*To do*
Give again, word for word, each line of the data from the first through the one containing "Sandro Dames Blouse". Pictures stay out.

(Pictures with short captions)
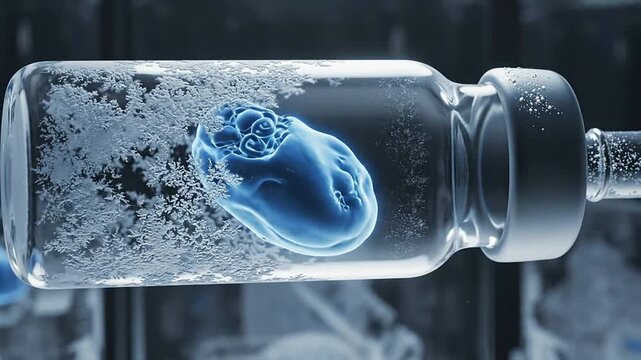 Close-Up View Of Blue-Tinged Embryo Inside Glass Vial For Life Sciences And Biotechnology Research In Laboratory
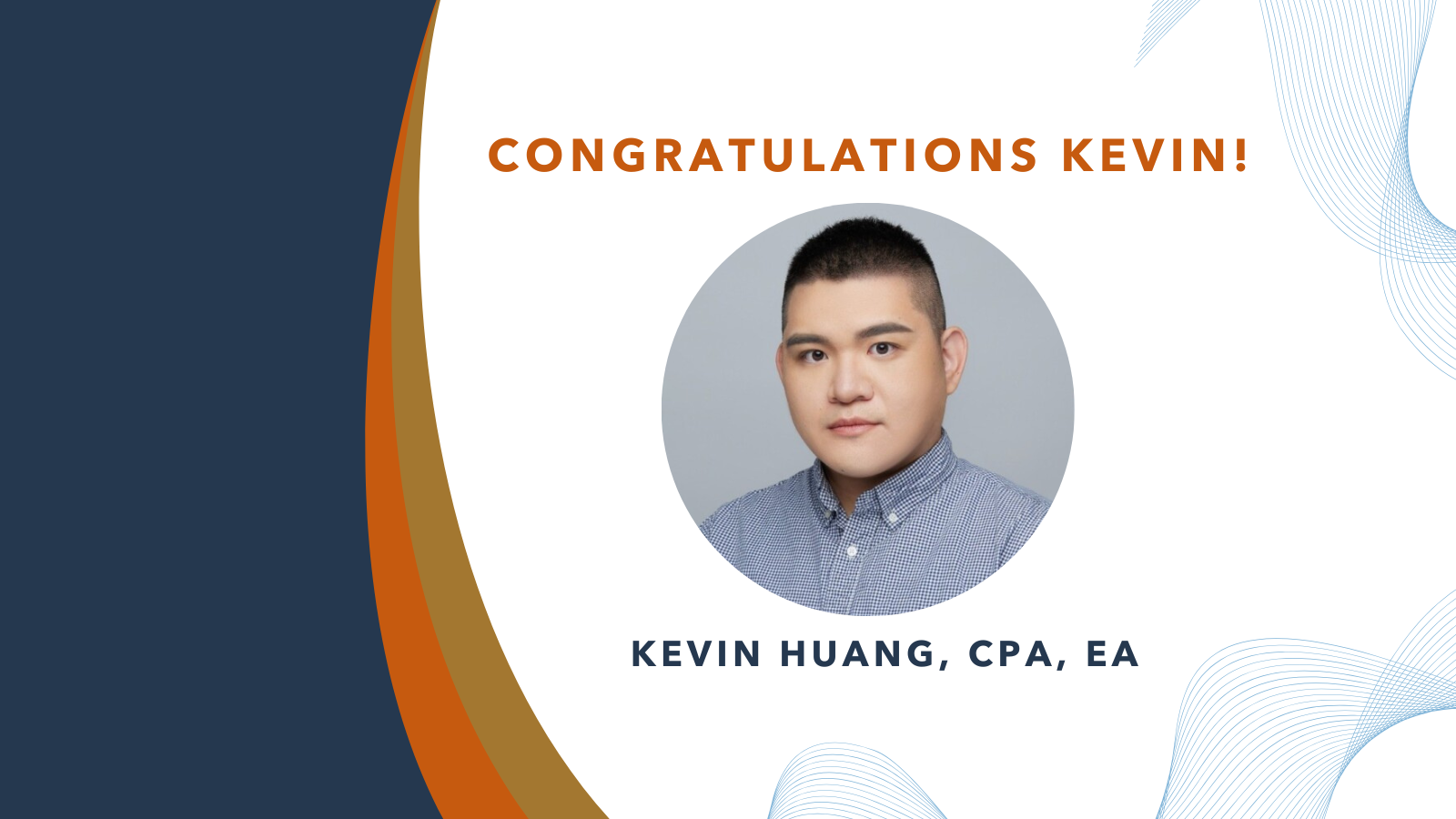 Graphic created to celebrate an employee accomplishment of passing their CPA exam. CPA exam stories.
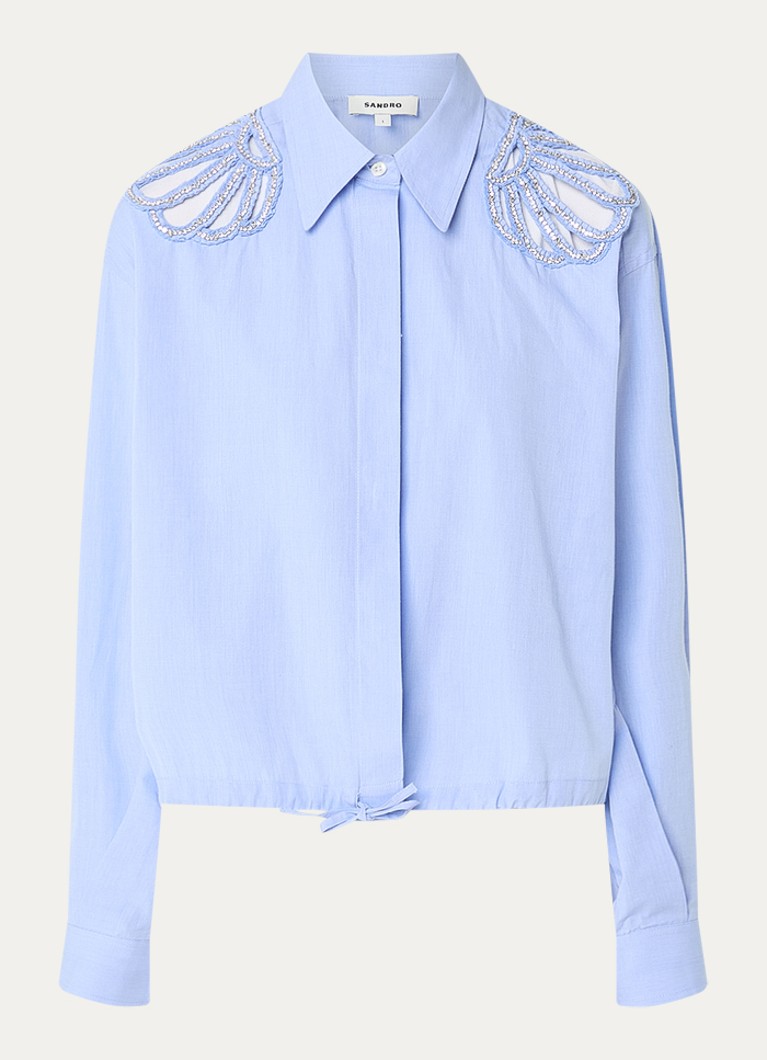 Sandro Dames Blouse met strass in de kleur Blauwgrijs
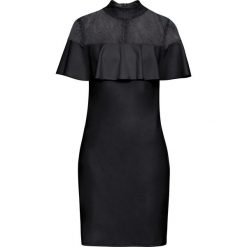 Sukienka z koronkową wstawką bonprix czarny. Czarne sukienki damskie bonprix, bez wzorów, z koronki, eleganckie, bez kołnierzyka, bez rękawów. Za 79,99 zł.
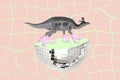 Creative retro 3d magazine image of funny funky dino riding rollers half disco ball isolated drawing background Royalty Free Stock Photo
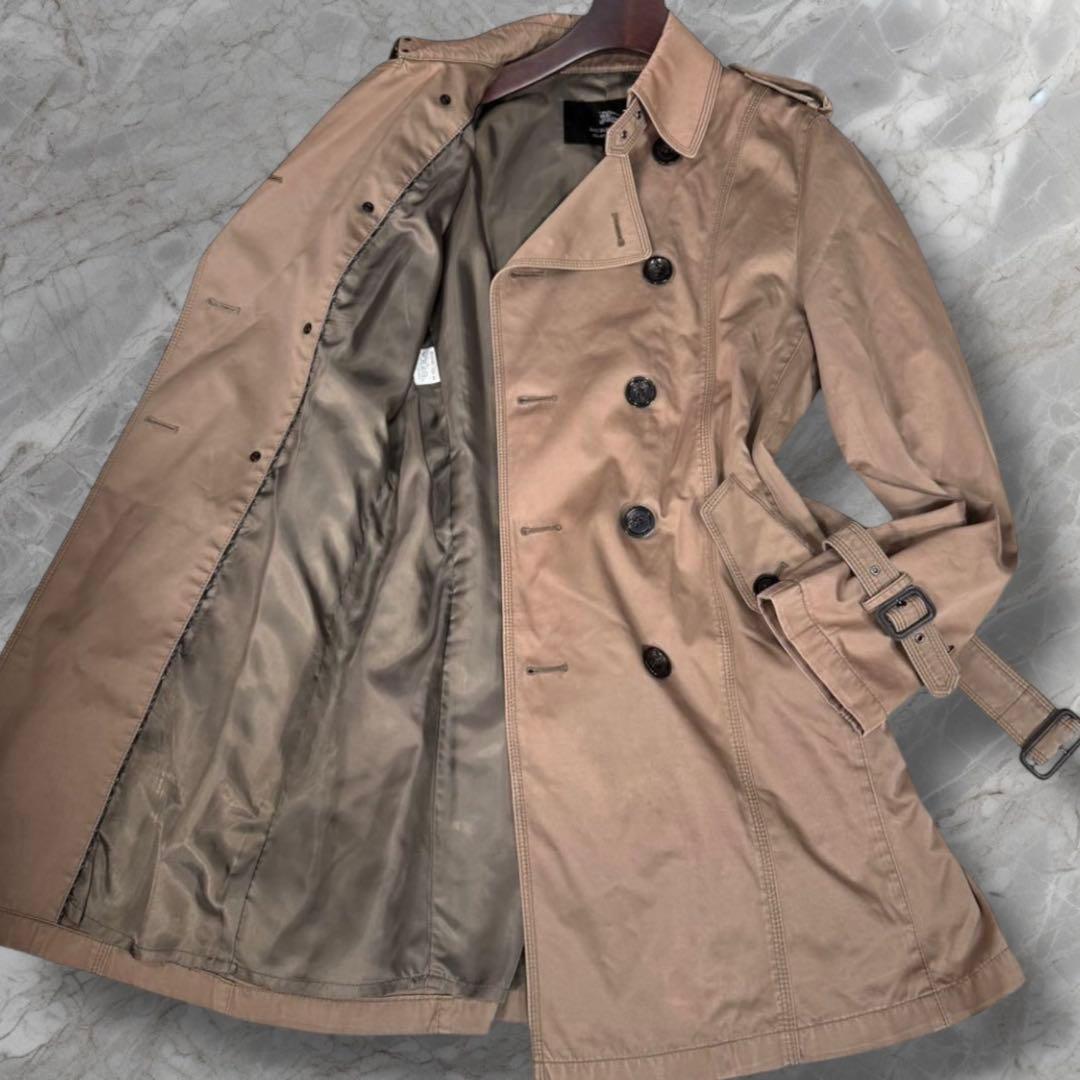 バーバリーブラックレーベル ダブルブレスト パイピング トレンチ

*The answer*
 Close-Up View Of Blue-Tinged Embryo Inside Glass Vial For Life Sciences And Biotechnology Research In Laboratory
 Graphic created to celebrate an employee accomplishment of passing their CPA exam. CPA exam stories.
 Sandro Dames Blouse met strass in de kleur Blauwgrijs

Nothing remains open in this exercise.